Armed with more evidence, now the regulators are blaming traders for wildly fluctuating oil prices.
Getting a grip on the evidence about what caused our recent oil price craziness has been especially difficult. There's been rampant speculation about whether commodity trading fueled the 2008 spikes. As explained in today's Wall Street Journal, Traders Blamed for Oil Spike: CFTC Will Pin '08 Price Surge on Speculators in a Reversal From Bush Findings, the U.S. Commodity Futures Trading Commission (CFTC) intends to publish a report during August suggesting speculators played a significant role in driving wild swings in oil prices.
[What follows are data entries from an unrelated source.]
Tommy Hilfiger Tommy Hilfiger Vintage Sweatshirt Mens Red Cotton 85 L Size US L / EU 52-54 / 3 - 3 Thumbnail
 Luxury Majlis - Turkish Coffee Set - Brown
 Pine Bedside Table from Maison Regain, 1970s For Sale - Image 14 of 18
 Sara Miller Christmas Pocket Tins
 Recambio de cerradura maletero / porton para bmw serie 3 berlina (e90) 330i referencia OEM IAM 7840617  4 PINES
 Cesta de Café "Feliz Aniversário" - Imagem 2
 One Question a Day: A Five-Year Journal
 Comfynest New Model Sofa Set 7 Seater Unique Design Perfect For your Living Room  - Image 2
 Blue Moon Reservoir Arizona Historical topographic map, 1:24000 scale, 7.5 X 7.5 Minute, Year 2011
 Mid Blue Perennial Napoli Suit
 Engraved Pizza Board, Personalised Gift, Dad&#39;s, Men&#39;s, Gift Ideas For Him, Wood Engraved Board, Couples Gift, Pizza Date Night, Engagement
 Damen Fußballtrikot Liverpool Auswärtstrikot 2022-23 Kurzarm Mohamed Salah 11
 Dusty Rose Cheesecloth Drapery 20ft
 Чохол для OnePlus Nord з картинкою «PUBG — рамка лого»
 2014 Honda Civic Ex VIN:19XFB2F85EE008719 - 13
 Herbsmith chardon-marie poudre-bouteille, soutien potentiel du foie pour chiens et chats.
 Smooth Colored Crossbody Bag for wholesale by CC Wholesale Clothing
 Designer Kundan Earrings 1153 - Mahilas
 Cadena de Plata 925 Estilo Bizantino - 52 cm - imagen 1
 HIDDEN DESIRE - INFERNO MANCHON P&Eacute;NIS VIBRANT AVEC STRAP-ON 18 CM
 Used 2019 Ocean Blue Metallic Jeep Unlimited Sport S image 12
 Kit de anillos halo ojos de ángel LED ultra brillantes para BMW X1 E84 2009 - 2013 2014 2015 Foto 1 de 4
"In a contentious report last year, the main U.S. futures-market regulator pinned oil-price swings primarily on supply and demand. But that analysis was based on 'deeply flawed data,' Bart Chilton, one of four CFTC commissioners, said in an interview Monday. The CFTC's new review... adds fuel to a growing debate over financial investors who bet on the direction of commodities prices by buying contracts tied to indexes. These speculators have invested hundreds of billions of dollars in contracts that were once dominated by producers and consumers who sought to hedge against oil-market volatility." [Chart from Reuters via Wall Street Journal]
Not so fast, or we'll throw you into the dark pool. Commodity exchanges are crying foul. Craig Donohue, the CEO of CME Group, a large derivatives marketplace, says "We have not seen any empirical evidence that index funds and speculators distort prices, as has been widely alleged, nor is there any proof that putting position limits on these market participants will have any positive effect on the marketplace.... We are deeply concerned that inappropriate regulation of these markets will cause market participants to move to dark pools and other unregulated markets, causing irrevocable harm to the entire U.S. economy. We look forward to having an open dialogue on this topic with the CFTC, elected officials and industry participants to ensure the continued safety and soundness of an already highly regulated financial market, which remained one of the best operating components of our economy during the credit crisis of recent months." Donohue was scheduled to appear before the CFTC today to discuss position limits for energy futures trading.
Better evidence? According to the Wall Street, last year, then-acting CFTC chairman Walter Lukken "told the House Agriculture committee that CFTC's economists 'did not find direct evidence that speculation was driving up prices.' ...In preparing its 2008 report, the CFTC sought information from swaps dealers about their off-exchange derivatives transactions." But Chilton said "data the agency gathered was incomplete, with some players providing partial or no information.... [He] said the new report will contain a more-thorough analysis of the investors in contracts tied to oil and other commodities, and reveal cases in which single traders hold massive market positions."